## [ASSIGNED TASK]
The answer is the data repeated in full, with no pictures included.

## [PROVIDED DATA]
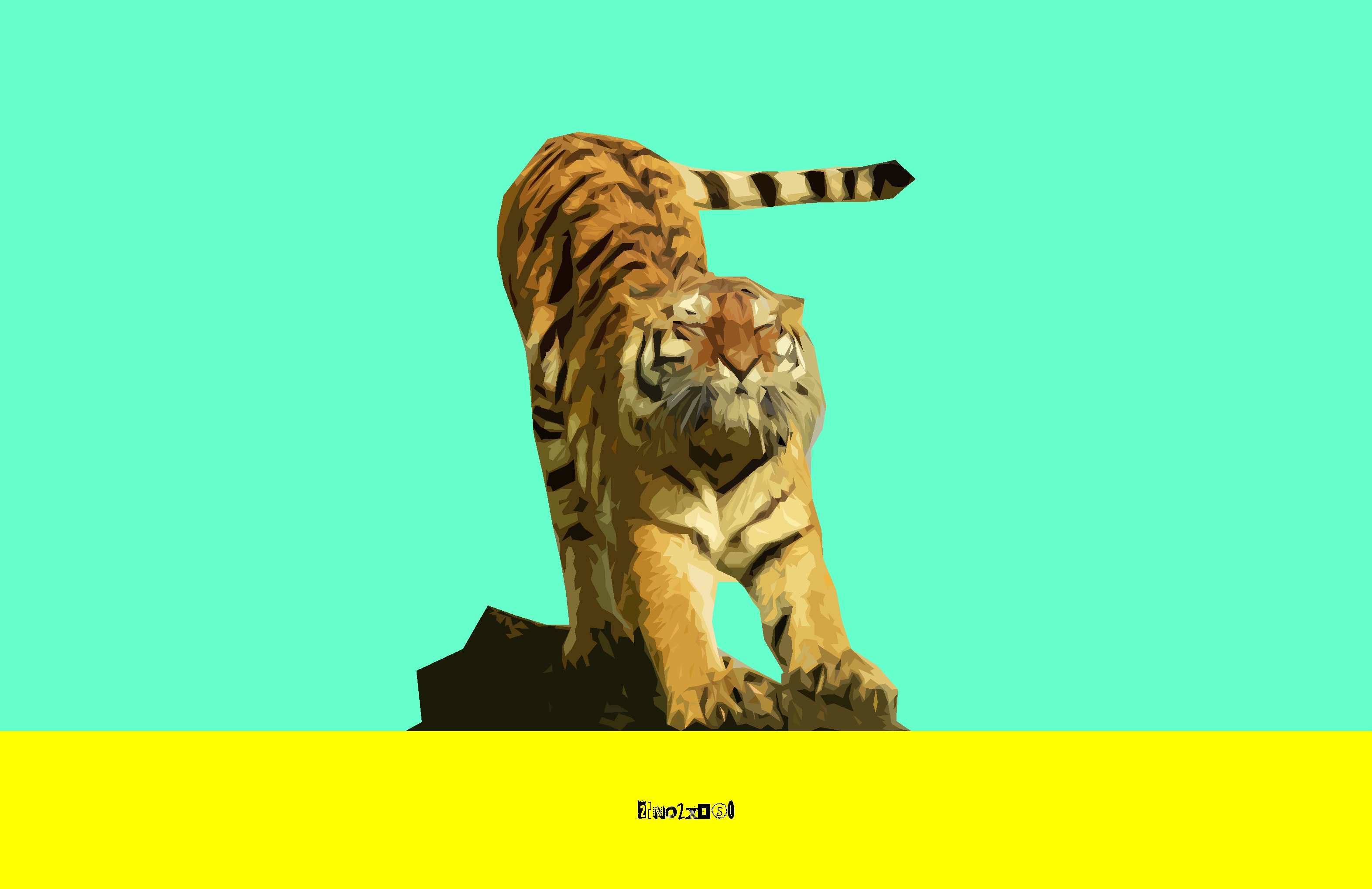 449124 Hintergrundbild herunterladen tiere, tiger, cyan, minimalistisch, einfach, gelb, katzen - Bildschirmschoner und Bilder kostenlos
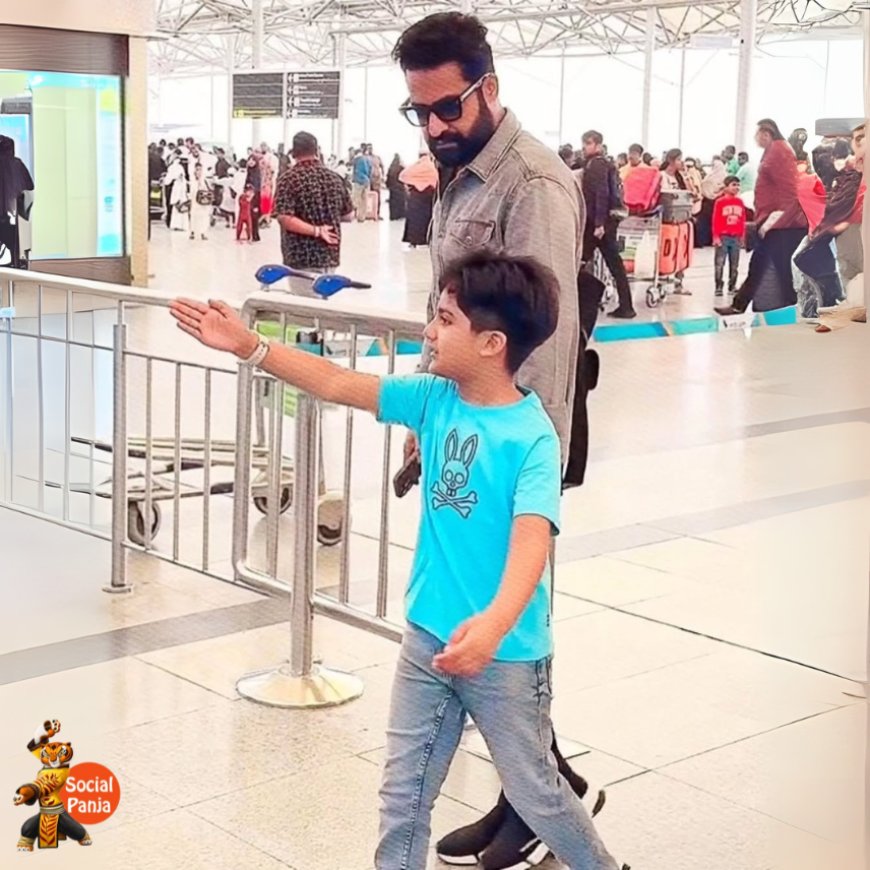 Jr NTR spotted in special airport moment with son BhargavRam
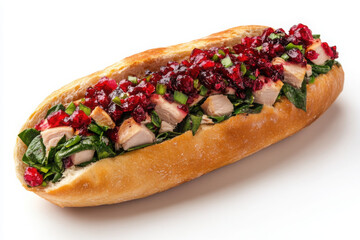 Delicious sandwich with roasted chicken, vibrant cranberries, and fresh greens on a crusty roll, offering a delightful blend of flavors and colors.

## [OUTPUT OF THE TASK]
 449124 Hintergrundbild herunterladen tiere, tiger, cyan, minimalistisch, einfach, gelb, katzen - Bildschirmschoner und Bilder kostenlos
 Jr NTR spotted in special airport moment with son BhargavRam
 Delicious sandwich with roasted chicken, vibrant cranberries, and fresh greens on a crusty roll, offering a delightful blend of flavors and colors.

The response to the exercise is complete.